In keeping with the metaphor, NetBSD’s claim to fame is its high portability — it will run on more than 50 hardware platforms ranging, from the Commodore Amiga to PlayStation 2 to everything in between. If you can get your hands on the hardware, there is probably a NetBSD port available for it.
This wide portability has gained NetBSD the reputation of being an ideal operating system for research environments. Organizations with older or marginalized or just plain unusual hardware systems can continue to make use of them for present-day work by installing NetBSD. Since NetBSD can run many Unix-like applications and is binary compatible with Linux, a wide variety of systems that might otherwise be obsolete are still breathing.

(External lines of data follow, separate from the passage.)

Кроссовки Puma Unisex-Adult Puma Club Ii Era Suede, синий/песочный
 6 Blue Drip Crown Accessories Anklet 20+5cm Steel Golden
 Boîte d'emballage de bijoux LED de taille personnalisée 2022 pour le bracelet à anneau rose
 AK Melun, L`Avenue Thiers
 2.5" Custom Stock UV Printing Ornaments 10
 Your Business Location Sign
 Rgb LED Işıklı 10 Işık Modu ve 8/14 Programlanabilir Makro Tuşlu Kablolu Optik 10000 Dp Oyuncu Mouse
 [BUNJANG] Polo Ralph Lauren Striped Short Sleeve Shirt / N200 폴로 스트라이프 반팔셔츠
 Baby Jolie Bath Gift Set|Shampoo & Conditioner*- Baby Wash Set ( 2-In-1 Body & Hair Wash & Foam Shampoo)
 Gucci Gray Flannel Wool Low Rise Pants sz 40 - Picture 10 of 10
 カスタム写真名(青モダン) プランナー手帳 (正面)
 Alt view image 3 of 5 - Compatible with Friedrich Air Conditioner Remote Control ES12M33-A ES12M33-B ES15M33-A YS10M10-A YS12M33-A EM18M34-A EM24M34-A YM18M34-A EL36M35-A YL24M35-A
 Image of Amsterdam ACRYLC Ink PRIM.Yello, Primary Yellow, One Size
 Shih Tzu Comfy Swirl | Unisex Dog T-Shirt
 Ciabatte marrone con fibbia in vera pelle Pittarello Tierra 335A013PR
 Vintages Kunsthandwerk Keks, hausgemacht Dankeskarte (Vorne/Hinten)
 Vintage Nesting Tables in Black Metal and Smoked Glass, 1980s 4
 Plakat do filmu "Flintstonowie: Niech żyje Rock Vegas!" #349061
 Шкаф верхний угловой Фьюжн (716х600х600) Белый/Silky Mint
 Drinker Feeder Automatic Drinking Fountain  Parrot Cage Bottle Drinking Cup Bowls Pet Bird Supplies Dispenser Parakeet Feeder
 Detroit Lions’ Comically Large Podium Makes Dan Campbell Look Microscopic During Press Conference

Stability and scalability are among NetBSD’s other strengths. Being portable to so many systems demands these capabilities. In a recent scalability benchmark, the current NetBSD release performed better than its BSD kin and nearly as well as the new Linux 2.6 kernel, which topped the rankings. Unlike the comparably heftier Linux, though, NetBSD can squeeze down to fit into a huge variety of hardware environments.
In NetBSD’s sweet spot are organizations looking for a slim, lightweight, highly stable, and capable operating system to run the latest server applications on modest or specialized hardware.
Pros: Lightweight; Very stable; Wide platform support; Good scalability.
Cons: Not for the novice admin; Leans toward clean design over “cutting-edge” features; Smaller development community than other Unix operating systems.